Task: For this exercise, reproduce the records exactly as they stand and do not carry any images over.

* * * *

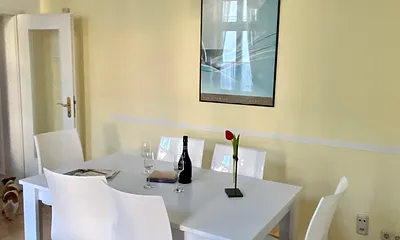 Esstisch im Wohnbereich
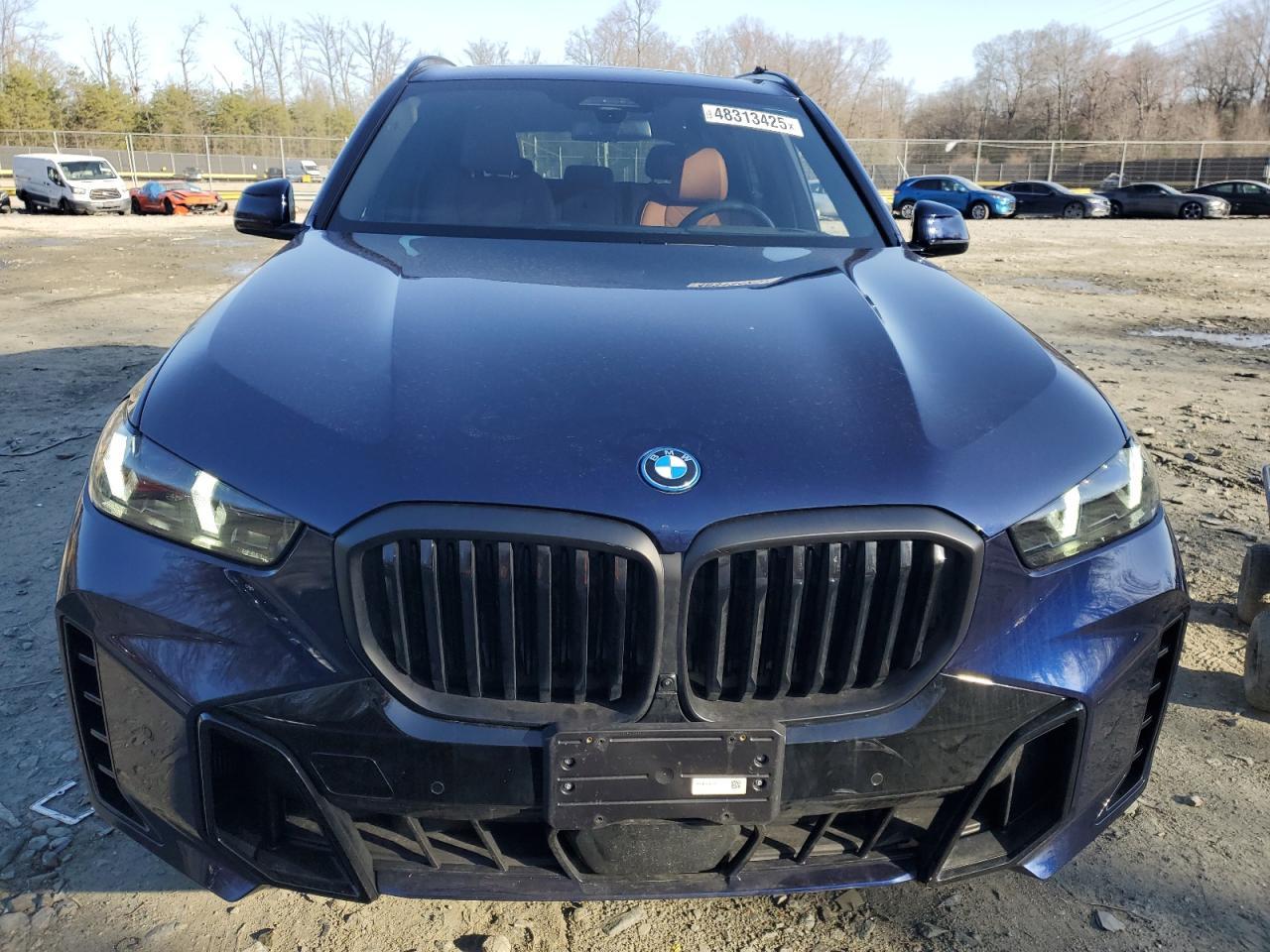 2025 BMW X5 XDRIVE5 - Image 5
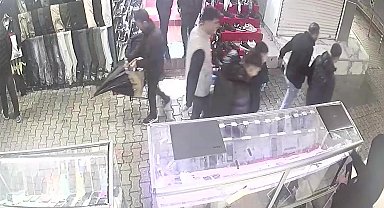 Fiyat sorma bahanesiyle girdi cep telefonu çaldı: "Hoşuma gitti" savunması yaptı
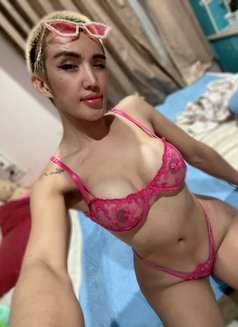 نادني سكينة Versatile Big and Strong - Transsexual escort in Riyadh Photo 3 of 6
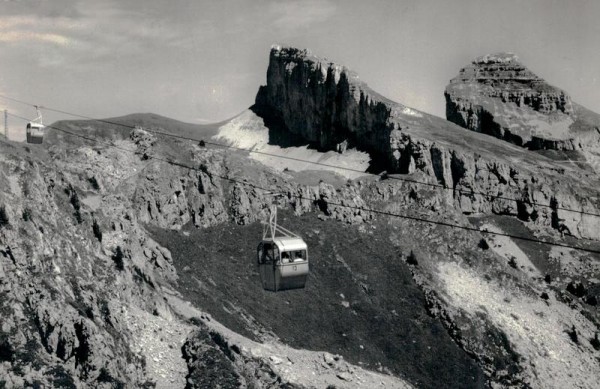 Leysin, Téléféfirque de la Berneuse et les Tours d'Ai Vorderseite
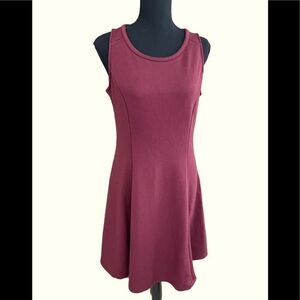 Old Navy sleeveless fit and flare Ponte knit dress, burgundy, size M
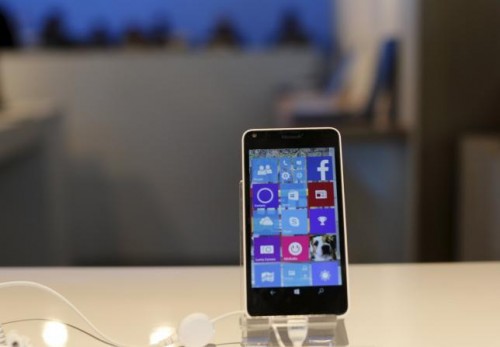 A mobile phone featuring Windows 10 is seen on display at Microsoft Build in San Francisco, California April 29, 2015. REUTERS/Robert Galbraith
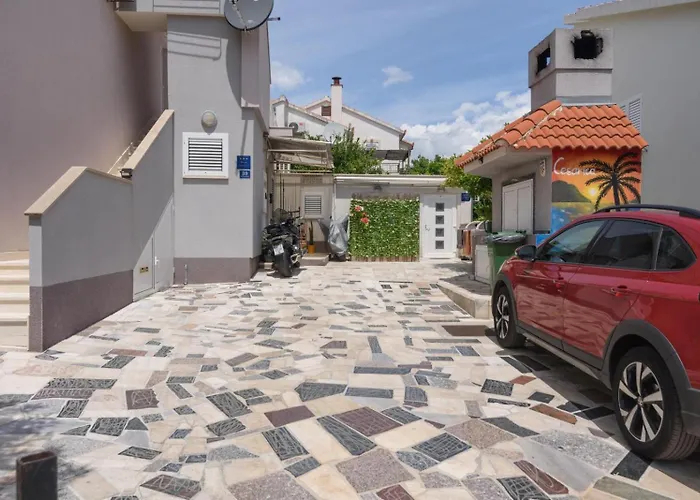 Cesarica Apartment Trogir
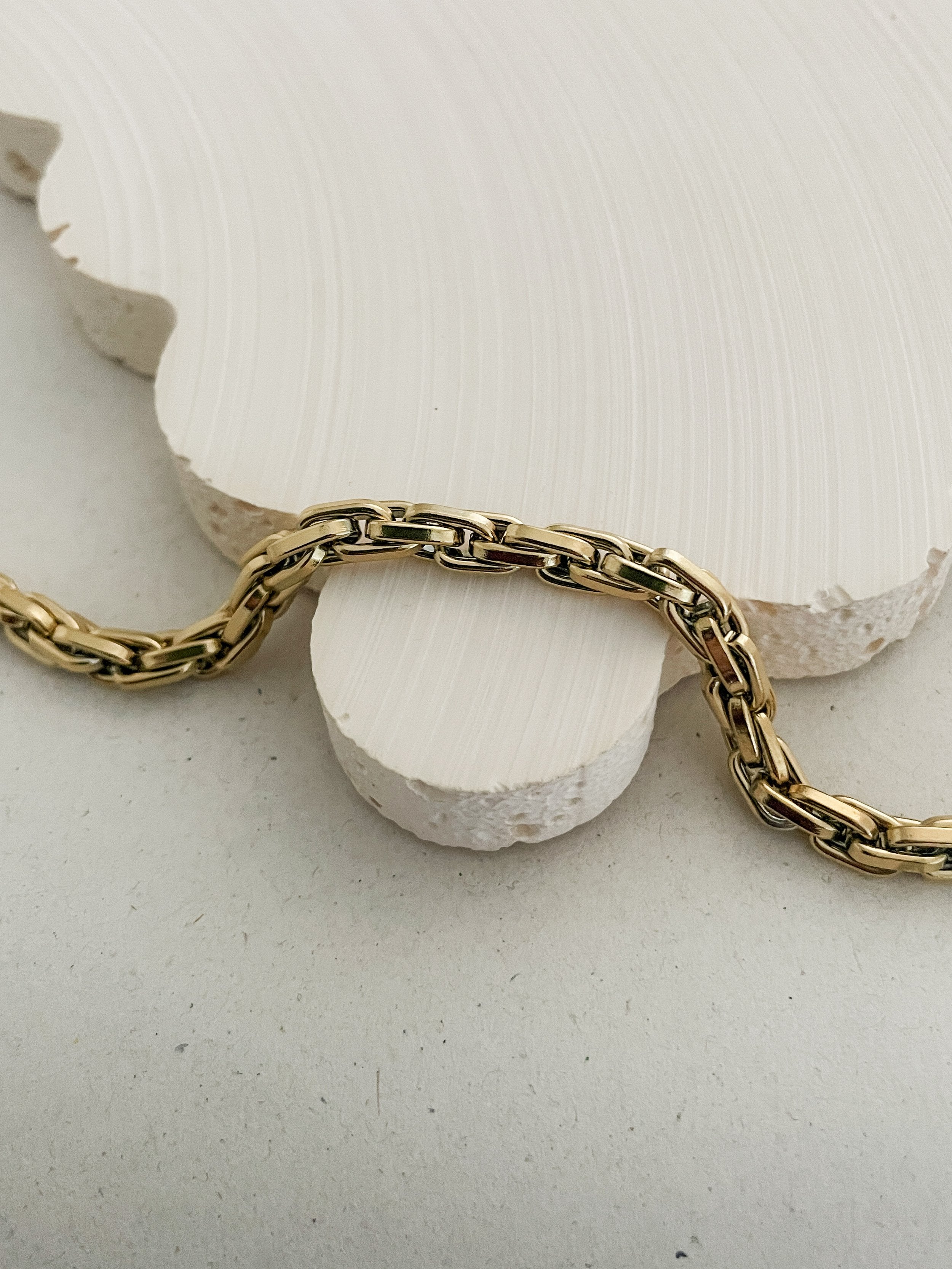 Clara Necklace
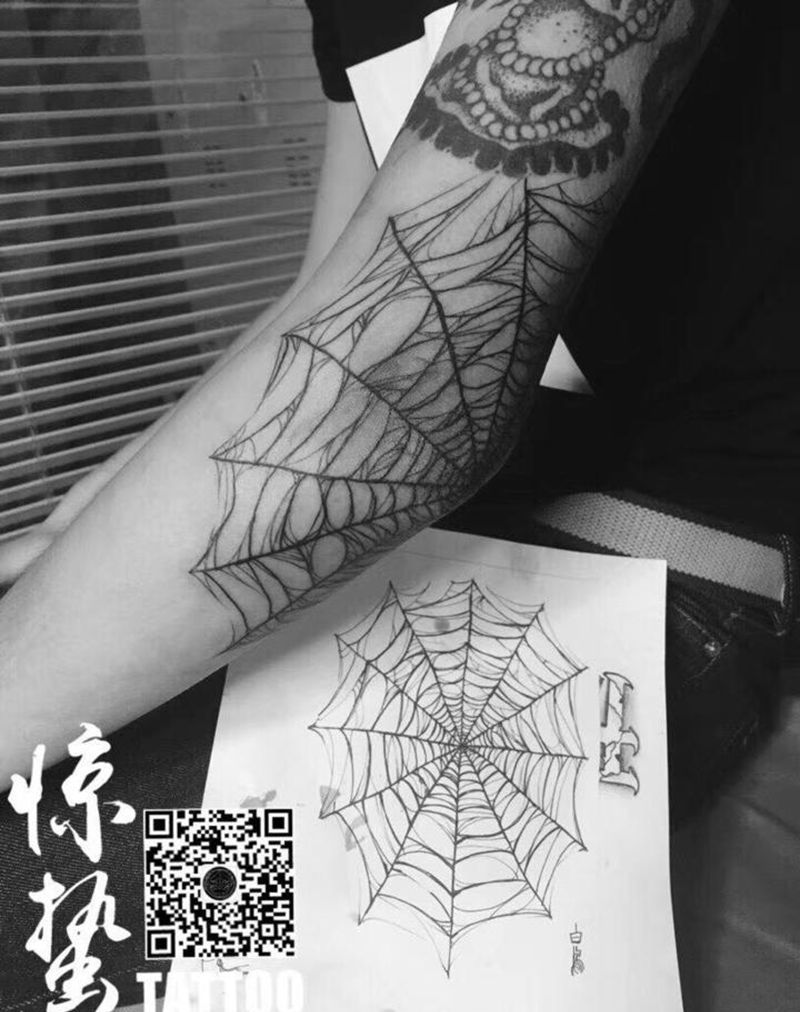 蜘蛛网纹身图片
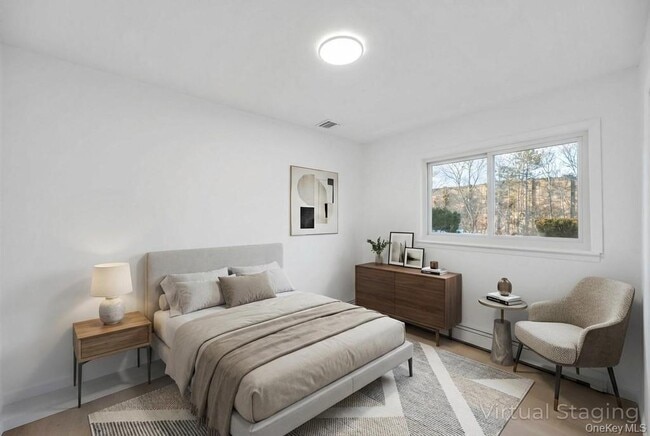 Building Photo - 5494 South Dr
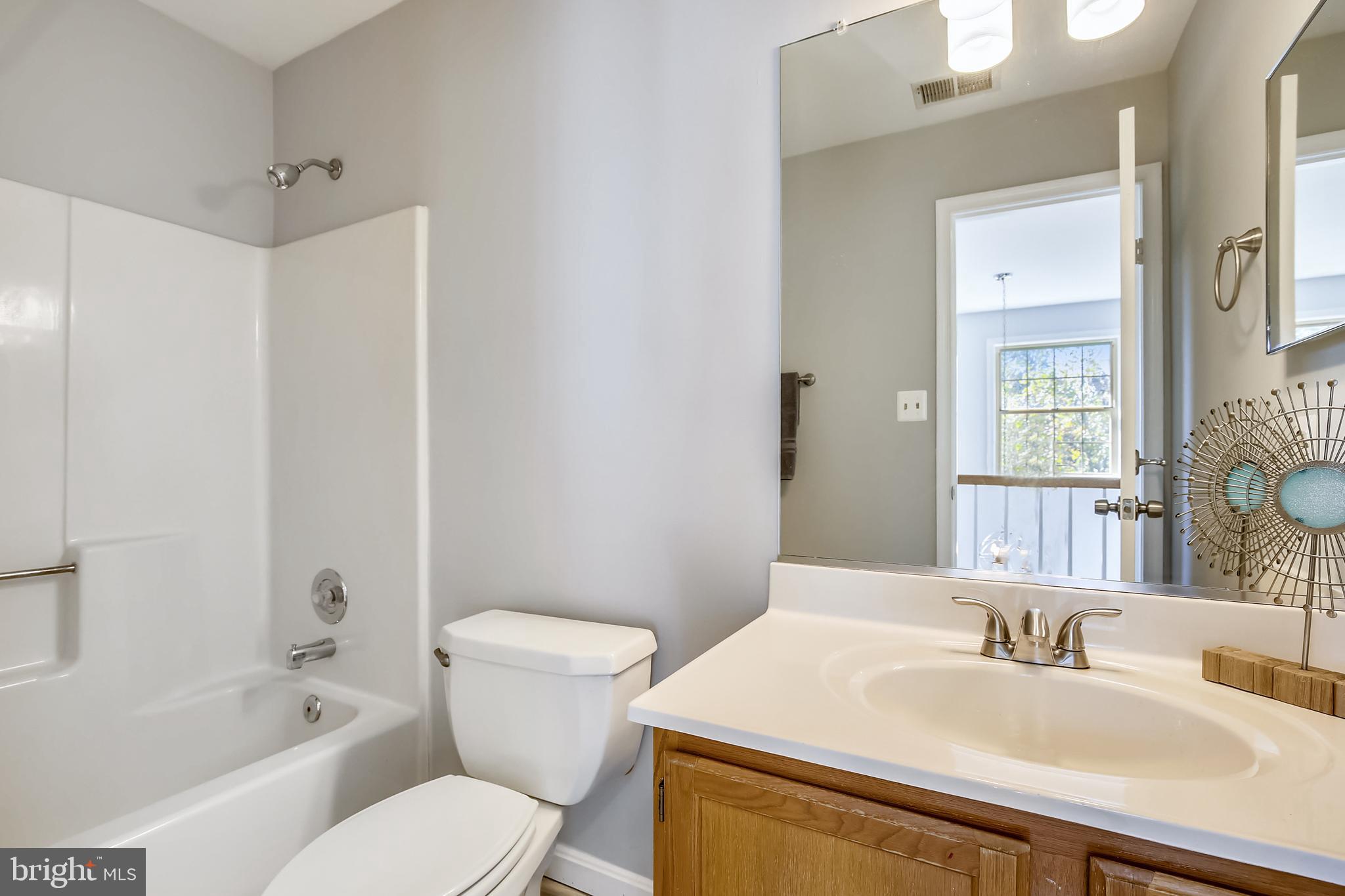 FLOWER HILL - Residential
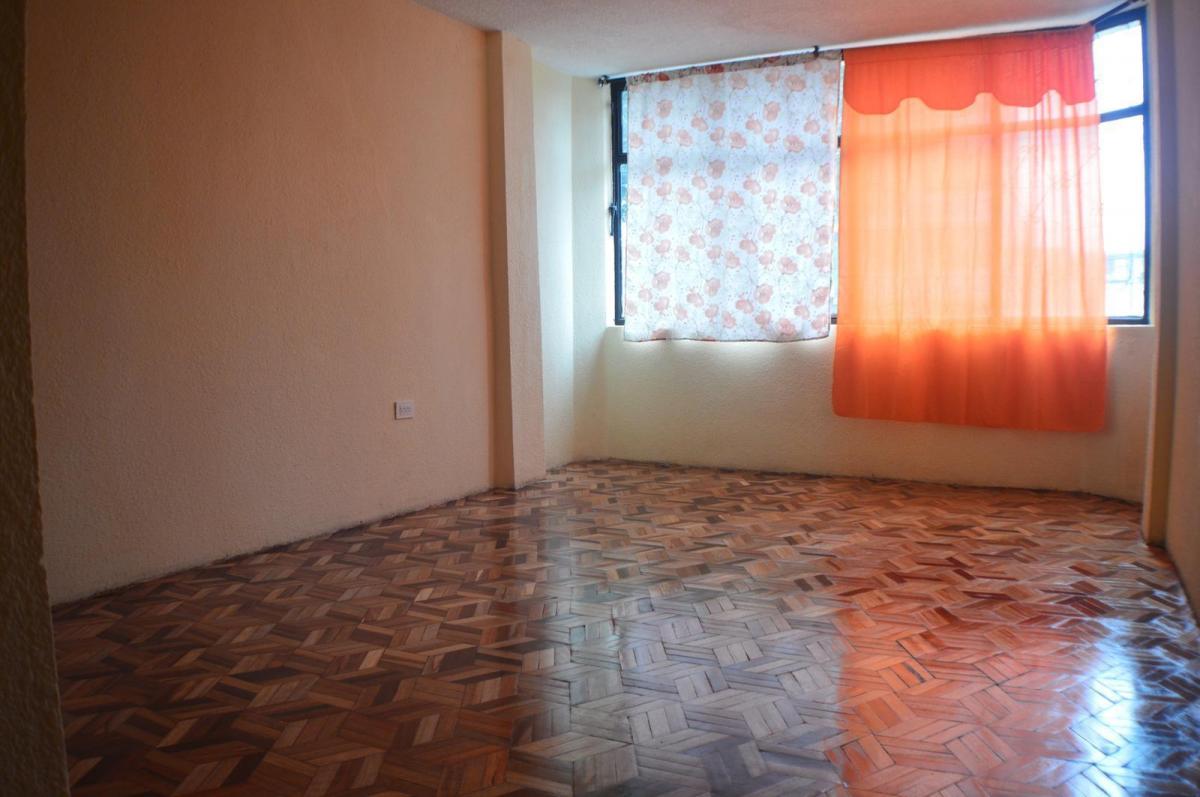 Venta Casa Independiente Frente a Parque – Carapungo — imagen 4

* * * *

Exercise answer:
 Esstisch im Wohnbereich
 2025 BMW X5 XDRIVE5 - Image 5
 Fiyat sorma bahanesiyle girdi cep telefonu çaldı: "Hoşuma gitti" savunması yaptı
 نادني سكينة Versatile Big and Strong - Transsexual escort in Riyadh Photo 3 of 6
 Leysin, Téléféfirque de la Berneuse et les Tours d'Ai Vorderseite
 Old Navy sleeveless fit and flare Ponte knit dress, burgundy, size M
 A mobile phone featuring Windows 10 is seen on display at Microsoft Build in San Francisco, California April 29, 2015. REUTERS/Robert Galbraith
 Cesarica Apartment Trogir
 Clara Necklace
 蜘蛛网纹身图片
 Building Photo - 5494 South Dr
 FLOWER HILL - Residential
 Venta Casa Independiente Frente a Parque – Carapungo — imagen 4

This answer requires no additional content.